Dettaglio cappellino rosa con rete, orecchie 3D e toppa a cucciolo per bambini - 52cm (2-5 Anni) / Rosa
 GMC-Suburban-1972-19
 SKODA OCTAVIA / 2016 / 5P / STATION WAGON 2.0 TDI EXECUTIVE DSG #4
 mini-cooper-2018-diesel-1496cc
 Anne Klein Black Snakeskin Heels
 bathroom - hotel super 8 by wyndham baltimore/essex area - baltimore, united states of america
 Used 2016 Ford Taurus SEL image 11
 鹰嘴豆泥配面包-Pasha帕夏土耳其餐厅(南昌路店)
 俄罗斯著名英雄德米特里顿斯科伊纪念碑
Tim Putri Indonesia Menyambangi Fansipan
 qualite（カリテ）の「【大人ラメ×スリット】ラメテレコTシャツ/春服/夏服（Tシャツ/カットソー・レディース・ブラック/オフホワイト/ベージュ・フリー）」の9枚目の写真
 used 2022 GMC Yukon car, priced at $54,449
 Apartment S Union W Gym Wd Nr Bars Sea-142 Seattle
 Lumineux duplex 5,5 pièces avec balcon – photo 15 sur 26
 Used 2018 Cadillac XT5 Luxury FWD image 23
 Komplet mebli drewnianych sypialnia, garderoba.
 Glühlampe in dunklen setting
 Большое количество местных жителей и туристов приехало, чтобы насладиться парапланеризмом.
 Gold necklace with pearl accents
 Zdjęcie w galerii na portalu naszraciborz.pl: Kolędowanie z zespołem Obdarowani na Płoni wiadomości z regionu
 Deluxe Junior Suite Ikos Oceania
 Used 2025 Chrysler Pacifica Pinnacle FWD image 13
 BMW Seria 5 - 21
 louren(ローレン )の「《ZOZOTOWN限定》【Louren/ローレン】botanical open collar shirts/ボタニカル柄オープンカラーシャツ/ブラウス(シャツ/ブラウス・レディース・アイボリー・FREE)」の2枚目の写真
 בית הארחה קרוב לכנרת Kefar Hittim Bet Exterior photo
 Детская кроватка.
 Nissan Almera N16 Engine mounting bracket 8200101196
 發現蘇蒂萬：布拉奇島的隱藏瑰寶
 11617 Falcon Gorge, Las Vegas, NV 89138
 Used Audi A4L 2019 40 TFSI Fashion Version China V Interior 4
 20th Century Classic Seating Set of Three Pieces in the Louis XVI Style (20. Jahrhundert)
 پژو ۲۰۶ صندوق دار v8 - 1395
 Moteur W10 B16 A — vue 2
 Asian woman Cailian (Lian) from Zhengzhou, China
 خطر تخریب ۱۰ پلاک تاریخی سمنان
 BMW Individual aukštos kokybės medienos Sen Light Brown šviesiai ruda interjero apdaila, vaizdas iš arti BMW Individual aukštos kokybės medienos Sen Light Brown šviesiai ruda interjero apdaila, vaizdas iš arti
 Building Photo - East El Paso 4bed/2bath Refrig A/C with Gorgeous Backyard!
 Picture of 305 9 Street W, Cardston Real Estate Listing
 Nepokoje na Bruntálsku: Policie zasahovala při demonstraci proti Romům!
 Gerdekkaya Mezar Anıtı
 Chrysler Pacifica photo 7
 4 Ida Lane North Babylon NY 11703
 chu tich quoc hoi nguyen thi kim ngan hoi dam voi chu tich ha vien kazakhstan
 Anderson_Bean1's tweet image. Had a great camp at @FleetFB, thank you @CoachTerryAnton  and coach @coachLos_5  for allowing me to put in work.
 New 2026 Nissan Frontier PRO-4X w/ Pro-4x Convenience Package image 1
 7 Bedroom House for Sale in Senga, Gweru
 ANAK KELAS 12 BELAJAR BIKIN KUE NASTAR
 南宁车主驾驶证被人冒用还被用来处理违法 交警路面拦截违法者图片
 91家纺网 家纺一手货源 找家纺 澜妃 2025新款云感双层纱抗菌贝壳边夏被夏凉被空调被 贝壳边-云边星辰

ASSIGNED TASK.
Pull out every line from the one with "Picture of 305" to the end of the listing, and output only those.

WORKED SOLUTION.
 Picture of 305 9 Street W, Cardston Real Estate Listing
 Nepokoje na Bruntálsku: Policie zasahovala při demonstraci proti Romům!
 Gerdekkaya Mezar Anıtı
 Chrysler Pacifica photo 7
 4 Ida Lane North Babylon NY 11703
 chu tich quoc hoi nguyen thi kim ngan hoi dam voi chu tich ha vien kazakhstan
 Anderson_Bean1's tweet image. Had a great camp at @FleetFB, thank you @CoachTerryAnton  and coach @coachLos_5  for allowing me to put in work.
 New 2026 Nissan Frontier PRO-4X w/ Pro-4x Convenience Package image 1
 7 Bedroom House for Sale in Senga, Gweru
 ANAK KELAS 12 BELAJAR BIKIN KUE NASTAR
 南宁车主驾驶证被人冒用还被用来处理违法 交警路面拦截违法者图片
 91家纺网 家纺一手货源 找家纺 澜妃 2025新款云感双层纱抗菌贝壳边夏被夏凉被空调被 贝壳边-云边星辰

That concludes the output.